With the RoFI platform we do not want to reinvent the wheel and, e.g., come up with a custom communication and routing protocol based on RS-485 like M-TRAN or the CAN in case of the HyMod project. For example, the CAN bus is fault tolerant and provides prioritized messages, however for purposes of modular robots, it features several disadvantages:
- it has a limited bandwidth of 1 Mb/s,
- it does not scale well as all devices share the same medium,
- cannot be cyclic and therefore, needs bus switches to remove cycles,
- needs an adjustable impedance based on the topology (see the HyMod paper)
Therefore, the RoFI platform leverages traditional computer network based on the TCP/IP protocol and stack. The TCP/IP protocol allows for seamless operation with existing computer networks and services. The users can use traditional sockets, port OpenMPI to their projects or use the network for sending debug logs from the distributed environment. It potentially opens doors for global communication of the RoFI systems. Using TCP/IP also makes wired and wireless connection indistinguishable from each other. Routing and robustness also come for free. The downside of the TCP/IP stack is its complexity; however, this is partially compensated by the existence of ready-to-use implementation even for embedded platforms (eg., lwIP).

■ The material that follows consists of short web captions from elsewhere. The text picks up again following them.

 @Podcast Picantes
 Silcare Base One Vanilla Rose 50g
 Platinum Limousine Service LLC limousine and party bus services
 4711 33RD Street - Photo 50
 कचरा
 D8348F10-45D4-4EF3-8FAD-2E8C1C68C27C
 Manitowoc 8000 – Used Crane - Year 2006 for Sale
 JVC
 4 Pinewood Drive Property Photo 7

There are two possibilities to implement the TCP/IP in the platform: either use Ethernet to connect the modules (making each module act either as a hub or a switch) or introduce a custom L1/L2 layer of the OSI/ISO model.

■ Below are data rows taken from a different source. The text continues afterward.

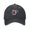 Black, variant on Jacksonville Jumbo Shrimp Classic Cowboy Hat Adjustable Baseball Cap Unisex Casual Sports Hat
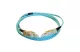LEGRAND 032610 patch cable optics OM3 (PC) multimode SC/SC duplex 50/125 um LSZH (LSOH) purple 2 meters LCS3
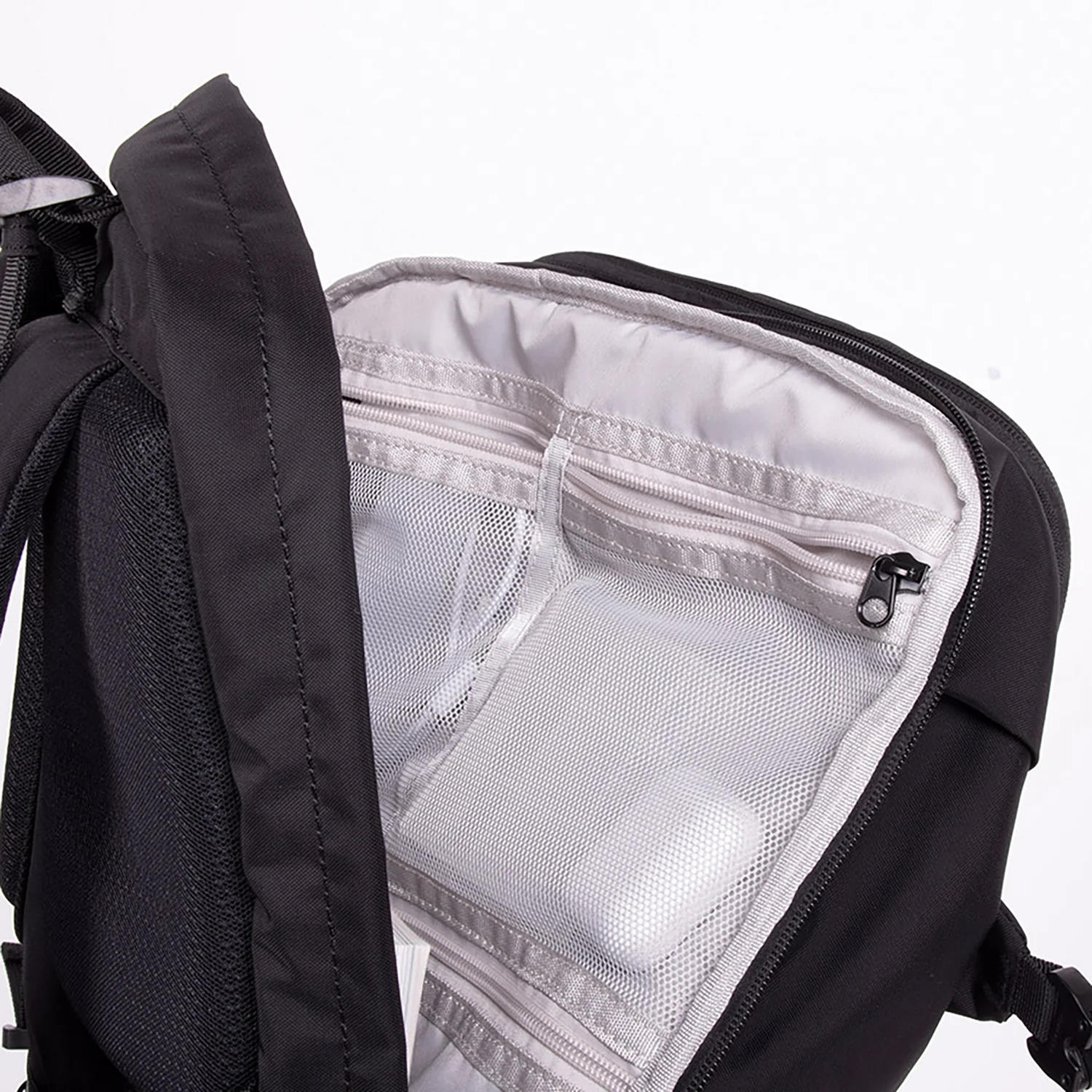Excel Backpack - Image 6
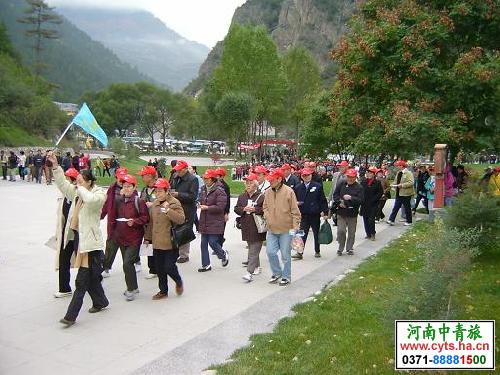 老年人jrs直播nba乐吧_雷速体育很卡_jrs游戏直播，老年团，郑州旅行社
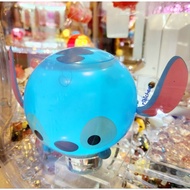Disney Lilo & Stitch Mini Mooncake Container (Lantern / Mid Autumn Festival)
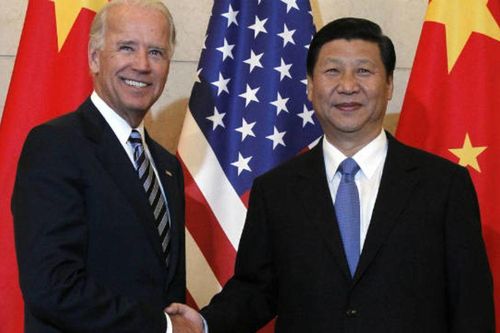 Ngoại trưởng Mỹ - Trung gặp gỡ: 'Đầu không xuôi, đuôi khó lọt'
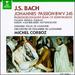 Bach: Joannes-Passion / St. John's Passion, Bwv 245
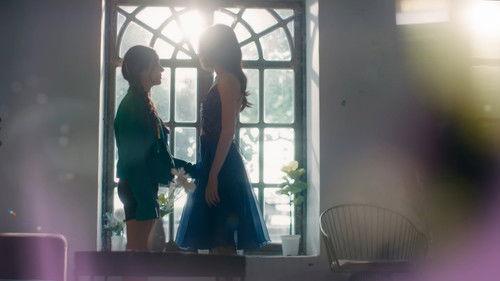 My Marvellous Dream Is You Season 1 Episode 1 - Episode 1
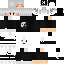 Texture for dfsa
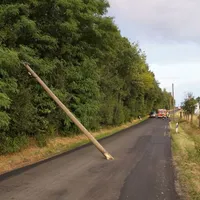 telefonmast.jpg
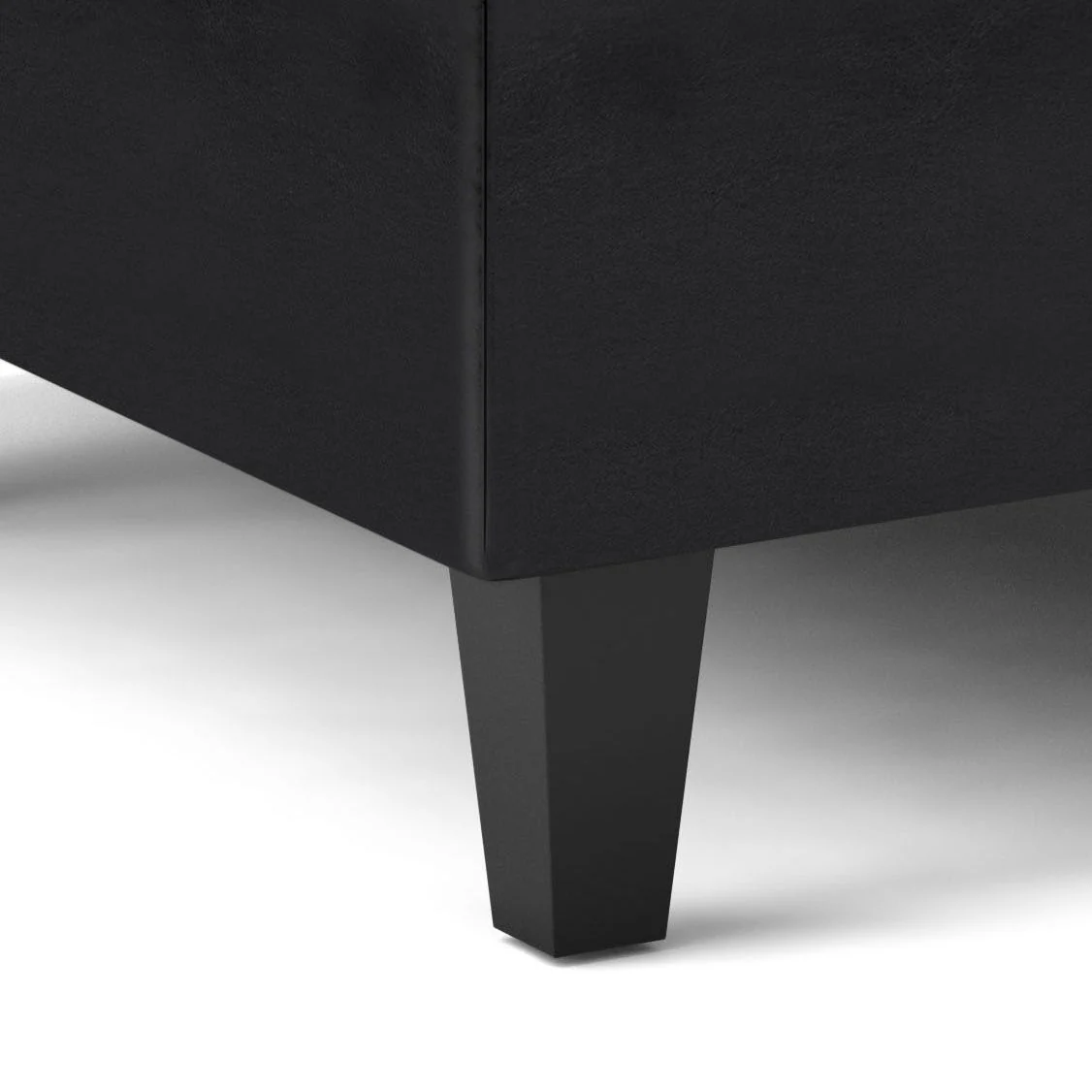 Product image 105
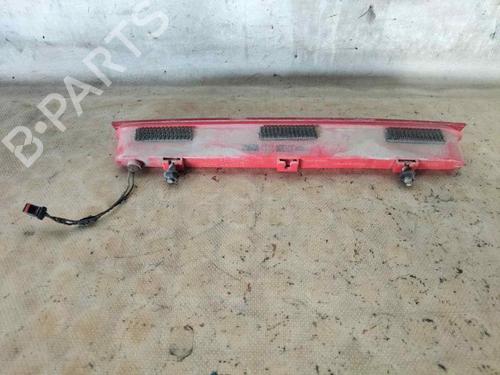 Third brake light VOLVO C30 (533) 1.6 D | BP29941472L11 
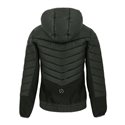 EQUITH?ME "Mona" Hybridjacke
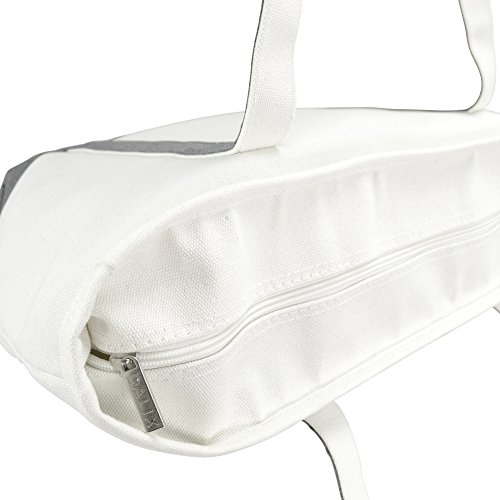 5 DALIX+Premium+Cotton+Canvas+Shopping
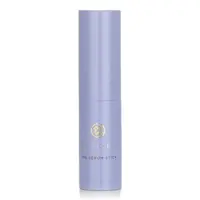 在飛比找蝦皮商城優惠-TATCHA - The Serum Stick - 眼部和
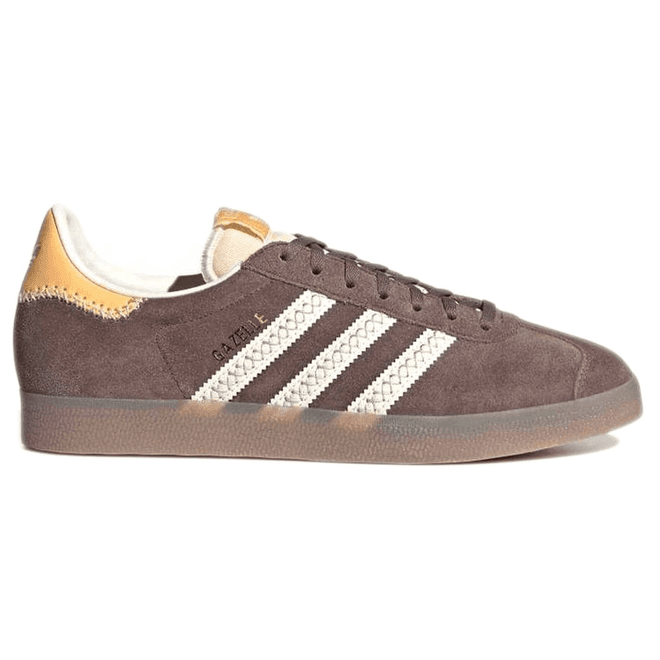 adidas Gazelle Earth Strata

See RoFICoM for communication protocol of our connector. The connection of two RoFICoMs allows us to pass arbitrary packets of data between two modules. Considering concrete implementation in lwIP, these two operations, sending and receiving a packet (possibly with a custom header), is all that is necessary to implement a custom device driver. A device driver is a terminology of lwIP and basically is an equivalent of the L2 of ISO/OSI model.
We choose to implement a custom physical layer for the RoFI platform for several reasons:
- ethernet switching ICs usually feature only up to 5 interfaces, which is not enough for the universal module;
- routing a board with such a chip is challenging;
- the connectors cannot share a bus and many wires are required;
- ethernet requires electromagnetic coupling for galvanic isolation, which is space consuming and the isolation does not make sense in our setup due to the presence of power-sharing.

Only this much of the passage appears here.